◆ About this exercise ◆
Check each line of the records below for the word "grocery" and copy those where it appears.

◆ Listed records ◆
____

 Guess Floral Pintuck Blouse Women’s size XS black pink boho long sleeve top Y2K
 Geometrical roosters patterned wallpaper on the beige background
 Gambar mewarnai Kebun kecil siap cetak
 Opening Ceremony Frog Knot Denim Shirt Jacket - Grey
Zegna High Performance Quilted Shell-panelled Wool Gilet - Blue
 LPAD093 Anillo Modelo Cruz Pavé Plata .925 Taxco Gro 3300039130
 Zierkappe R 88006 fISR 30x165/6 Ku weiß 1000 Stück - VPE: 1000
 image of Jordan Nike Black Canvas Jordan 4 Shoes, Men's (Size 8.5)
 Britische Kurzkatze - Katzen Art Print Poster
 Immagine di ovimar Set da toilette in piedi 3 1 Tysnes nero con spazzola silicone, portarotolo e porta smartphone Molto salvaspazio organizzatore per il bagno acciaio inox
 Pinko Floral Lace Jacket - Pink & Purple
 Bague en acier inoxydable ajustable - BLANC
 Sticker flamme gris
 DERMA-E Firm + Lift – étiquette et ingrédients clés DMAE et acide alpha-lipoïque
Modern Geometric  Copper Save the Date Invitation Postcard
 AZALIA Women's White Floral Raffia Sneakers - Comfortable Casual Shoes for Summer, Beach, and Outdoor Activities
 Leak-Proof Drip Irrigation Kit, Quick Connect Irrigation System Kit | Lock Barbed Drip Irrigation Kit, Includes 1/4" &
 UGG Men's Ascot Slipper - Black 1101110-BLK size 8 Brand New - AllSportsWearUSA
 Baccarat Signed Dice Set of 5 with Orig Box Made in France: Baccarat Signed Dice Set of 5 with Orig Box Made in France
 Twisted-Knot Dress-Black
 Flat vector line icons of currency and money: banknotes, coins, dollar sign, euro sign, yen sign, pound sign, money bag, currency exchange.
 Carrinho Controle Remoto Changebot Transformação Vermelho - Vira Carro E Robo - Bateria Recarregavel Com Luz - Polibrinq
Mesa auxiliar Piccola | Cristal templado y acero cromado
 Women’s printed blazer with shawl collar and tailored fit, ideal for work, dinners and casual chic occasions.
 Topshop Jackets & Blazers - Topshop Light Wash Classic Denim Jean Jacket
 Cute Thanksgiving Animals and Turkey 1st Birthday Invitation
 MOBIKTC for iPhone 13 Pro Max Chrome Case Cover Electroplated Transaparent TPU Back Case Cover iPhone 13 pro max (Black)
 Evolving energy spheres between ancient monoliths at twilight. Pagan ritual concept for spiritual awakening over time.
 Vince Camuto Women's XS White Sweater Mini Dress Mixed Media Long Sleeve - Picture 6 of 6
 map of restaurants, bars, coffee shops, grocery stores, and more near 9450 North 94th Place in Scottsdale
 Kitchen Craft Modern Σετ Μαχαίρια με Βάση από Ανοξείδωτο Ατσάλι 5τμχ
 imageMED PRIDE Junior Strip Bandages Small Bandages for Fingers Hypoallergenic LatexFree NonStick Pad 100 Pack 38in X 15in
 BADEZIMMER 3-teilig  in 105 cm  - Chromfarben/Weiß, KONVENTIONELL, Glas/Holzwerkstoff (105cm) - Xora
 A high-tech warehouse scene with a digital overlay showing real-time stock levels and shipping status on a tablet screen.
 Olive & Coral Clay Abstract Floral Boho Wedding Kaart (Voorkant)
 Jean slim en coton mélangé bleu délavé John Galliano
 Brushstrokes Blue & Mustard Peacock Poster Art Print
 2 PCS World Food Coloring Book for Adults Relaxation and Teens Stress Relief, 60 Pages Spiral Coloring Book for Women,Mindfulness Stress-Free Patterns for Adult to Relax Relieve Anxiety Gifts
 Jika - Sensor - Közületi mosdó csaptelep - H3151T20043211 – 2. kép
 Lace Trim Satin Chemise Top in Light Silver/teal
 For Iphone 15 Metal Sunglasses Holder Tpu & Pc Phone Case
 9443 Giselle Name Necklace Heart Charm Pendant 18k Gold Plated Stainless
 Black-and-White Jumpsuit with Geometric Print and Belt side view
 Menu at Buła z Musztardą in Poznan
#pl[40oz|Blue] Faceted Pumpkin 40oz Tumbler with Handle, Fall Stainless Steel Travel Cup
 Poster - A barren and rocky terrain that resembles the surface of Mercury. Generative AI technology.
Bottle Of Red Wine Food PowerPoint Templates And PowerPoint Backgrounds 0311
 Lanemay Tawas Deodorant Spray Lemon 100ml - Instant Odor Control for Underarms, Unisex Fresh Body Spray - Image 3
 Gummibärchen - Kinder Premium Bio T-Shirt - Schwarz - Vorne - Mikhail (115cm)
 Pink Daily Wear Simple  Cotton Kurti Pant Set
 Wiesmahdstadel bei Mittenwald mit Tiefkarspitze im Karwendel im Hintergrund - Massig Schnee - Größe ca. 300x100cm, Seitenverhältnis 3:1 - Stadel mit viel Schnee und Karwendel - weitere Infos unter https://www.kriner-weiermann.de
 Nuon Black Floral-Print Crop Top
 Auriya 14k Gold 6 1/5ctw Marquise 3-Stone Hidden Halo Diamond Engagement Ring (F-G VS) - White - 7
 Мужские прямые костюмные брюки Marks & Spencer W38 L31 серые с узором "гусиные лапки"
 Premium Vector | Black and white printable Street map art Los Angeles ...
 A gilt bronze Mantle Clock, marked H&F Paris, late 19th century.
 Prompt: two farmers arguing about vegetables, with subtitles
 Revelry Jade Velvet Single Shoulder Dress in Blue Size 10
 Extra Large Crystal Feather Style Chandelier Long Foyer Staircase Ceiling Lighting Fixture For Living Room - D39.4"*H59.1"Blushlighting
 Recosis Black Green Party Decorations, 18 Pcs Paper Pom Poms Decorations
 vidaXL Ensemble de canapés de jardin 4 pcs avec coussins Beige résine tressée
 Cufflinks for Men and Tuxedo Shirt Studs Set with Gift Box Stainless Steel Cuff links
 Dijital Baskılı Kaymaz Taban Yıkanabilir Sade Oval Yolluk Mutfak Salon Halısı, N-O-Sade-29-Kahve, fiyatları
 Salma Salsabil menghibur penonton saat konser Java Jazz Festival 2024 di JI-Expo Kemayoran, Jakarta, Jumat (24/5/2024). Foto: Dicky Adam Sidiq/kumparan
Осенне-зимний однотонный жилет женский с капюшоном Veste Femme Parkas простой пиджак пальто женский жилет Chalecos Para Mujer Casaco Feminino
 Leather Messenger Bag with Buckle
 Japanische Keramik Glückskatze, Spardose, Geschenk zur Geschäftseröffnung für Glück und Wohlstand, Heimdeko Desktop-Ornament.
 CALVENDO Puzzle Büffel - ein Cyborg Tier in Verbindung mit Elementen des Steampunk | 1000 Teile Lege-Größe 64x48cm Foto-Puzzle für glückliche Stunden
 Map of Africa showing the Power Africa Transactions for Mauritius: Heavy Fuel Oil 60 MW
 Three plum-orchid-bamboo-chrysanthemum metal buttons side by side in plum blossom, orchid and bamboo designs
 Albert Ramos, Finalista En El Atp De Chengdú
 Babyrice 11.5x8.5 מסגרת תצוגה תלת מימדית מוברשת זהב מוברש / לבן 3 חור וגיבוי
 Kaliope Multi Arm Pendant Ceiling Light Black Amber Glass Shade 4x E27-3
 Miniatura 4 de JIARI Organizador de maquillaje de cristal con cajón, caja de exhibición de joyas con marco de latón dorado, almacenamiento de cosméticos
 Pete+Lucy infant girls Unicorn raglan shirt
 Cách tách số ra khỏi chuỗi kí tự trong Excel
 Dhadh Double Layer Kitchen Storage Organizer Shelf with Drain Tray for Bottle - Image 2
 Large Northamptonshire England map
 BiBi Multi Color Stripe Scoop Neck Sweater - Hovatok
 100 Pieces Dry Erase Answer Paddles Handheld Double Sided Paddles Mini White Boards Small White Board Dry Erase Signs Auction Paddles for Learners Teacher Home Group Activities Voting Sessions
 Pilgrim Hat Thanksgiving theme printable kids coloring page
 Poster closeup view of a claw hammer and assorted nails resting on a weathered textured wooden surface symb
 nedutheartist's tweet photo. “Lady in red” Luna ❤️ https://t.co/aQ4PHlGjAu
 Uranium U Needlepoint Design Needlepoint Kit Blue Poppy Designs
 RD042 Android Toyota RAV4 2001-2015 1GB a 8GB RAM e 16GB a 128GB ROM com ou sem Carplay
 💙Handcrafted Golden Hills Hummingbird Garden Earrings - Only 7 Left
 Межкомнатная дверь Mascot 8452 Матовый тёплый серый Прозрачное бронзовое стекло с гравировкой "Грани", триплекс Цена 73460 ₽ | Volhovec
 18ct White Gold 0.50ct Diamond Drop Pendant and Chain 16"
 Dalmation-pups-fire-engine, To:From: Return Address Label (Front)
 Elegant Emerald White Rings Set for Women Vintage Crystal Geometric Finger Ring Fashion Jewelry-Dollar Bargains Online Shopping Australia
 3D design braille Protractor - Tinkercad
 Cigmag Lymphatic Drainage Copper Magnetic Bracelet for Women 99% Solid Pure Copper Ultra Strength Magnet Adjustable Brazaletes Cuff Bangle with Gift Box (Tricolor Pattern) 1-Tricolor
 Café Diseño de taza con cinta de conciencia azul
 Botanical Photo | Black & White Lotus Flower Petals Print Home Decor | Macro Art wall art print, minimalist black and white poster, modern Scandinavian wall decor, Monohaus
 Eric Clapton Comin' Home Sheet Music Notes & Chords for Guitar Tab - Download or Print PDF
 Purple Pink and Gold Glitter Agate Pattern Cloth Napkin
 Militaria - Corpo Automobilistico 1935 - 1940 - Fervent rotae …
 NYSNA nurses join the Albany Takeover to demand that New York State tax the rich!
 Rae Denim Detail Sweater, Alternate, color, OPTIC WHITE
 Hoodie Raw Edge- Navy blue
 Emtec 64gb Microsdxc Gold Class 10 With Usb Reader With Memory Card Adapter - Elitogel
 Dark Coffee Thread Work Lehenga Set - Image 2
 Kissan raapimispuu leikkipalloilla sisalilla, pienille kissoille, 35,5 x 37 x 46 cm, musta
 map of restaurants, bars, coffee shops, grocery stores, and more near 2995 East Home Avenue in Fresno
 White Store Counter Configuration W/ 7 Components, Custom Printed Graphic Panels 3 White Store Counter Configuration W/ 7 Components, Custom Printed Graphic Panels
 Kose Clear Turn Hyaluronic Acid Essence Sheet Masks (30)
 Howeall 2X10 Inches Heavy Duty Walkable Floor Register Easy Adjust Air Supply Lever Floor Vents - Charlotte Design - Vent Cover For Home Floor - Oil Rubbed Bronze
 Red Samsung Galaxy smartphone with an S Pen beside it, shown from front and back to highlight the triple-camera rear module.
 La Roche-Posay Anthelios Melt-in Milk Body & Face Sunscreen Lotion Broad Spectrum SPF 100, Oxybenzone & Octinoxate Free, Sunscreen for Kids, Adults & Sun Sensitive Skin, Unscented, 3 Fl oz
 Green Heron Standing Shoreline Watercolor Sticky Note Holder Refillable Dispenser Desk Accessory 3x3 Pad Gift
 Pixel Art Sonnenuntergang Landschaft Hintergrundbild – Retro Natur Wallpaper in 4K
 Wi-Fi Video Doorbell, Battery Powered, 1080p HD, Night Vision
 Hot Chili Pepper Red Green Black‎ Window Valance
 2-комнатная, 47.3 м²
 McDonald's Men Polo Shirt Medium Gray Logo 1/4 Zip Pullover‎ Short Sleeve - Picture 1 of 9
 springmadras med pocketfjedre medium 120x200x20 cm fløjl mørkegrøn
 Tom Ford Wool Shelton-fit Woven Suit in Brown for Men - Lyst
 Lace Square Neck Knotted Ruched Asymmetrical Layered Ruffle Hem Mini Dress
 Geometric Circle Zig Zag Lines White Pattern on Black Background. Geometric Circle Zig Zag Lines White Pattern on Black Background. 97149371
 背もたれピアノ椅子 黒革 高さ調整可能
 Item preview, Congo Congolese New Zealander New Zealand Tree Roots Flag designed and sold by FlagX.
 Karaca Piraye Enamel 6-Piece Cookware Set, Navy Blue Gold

____

◆ Exercise response ◆
 map of restaurants, bars, coffee shops, grocery stores, and more near 9450 North 94th Place in Scottsdale
 map of restaurants, bars, coffee shops, grocery stores, and more near 2995 East Home Avenue in Fresno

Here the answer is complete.